Un autre point de débat intéressant concerne la relation entre santé et revenu. Les pays à revenu élevé ont généralement des populations en bonne santé, parce qu’ils ont des moyens importants à consacrer aux politiques de santé, à travers des actions favorables à une meilleure alimentation, l’accès à l’eau potable et de façon plus générale aux soins de santé. Le lien peut nous sembler évident, mais David Bloom souligne que la causalité fonctionne dans les deux sens, et que la santé influe également sur le niveau de revenu d’un pays, à travers différents vecteurs : une bonne santé est favorable à la productivité de l’économie (à travers notamment un moindre absentéisme), au niveau d’éducation de la population et à l’investissement. L’augmentation de l’espérance de vie des individus améliore les rendements à long terme des dépenses d’investissement et d’éducation. Ainsi, la littérature récente montre qu’un gain de 10 ans d’espérance de vie se traduit par jusqu’à un point entier de croissance annuelle du PIB par tête. D’où l’importance à attacher aux politiques de santé.

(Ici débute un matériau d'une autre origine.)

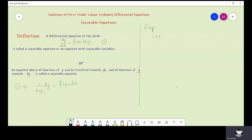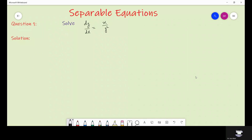We have (1 + x) dy + y dx equals zero. This is a separable equation because we can separate the coefficients. This can be written as 1 over y dy plus 1 over (1 + x) dx equals zero. Now just integrating each term we can get the solution.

Les conclusions qu’en tire David Bloom sont de deux ordres:
- un taux de fécondité très élevé limite la capacité de croissance des revenus. Les politiques publiques doivent donc favoriser l’accélération de la transition vers un régime de fécondité mieux maîtrisée, qui permettrait au continent africain de capter le « dividende démographique » dont a bénéficié l’Asie de l’est à partir des années 1980. Pour cela, des actions doivent être menées en matière de planning familial et de scolarisation des enfants.
- Si les évolutions démographiques constituent un facteur de croissance important, elles ne suffisent pas à expliquer les performances d’une économie, et doivent être accompagnées par des politiques publiques appropriées, notamment en matière de santé. David Bloom préconise ainsi des actions ciblées sur la petite enfance, sur l’accès à l’eau potable, aux vaccinations et aux médicaments, ainsi que des politiques destinées à favoriser une alimentation saine.
Notes :
Toutes les illustrations de cet article sont tirées de la présentation effectuée par David Bloom lors de la conférence du Sovereign Investor Institute qui s’est tenue au Cap du 22 au 24 février 2017.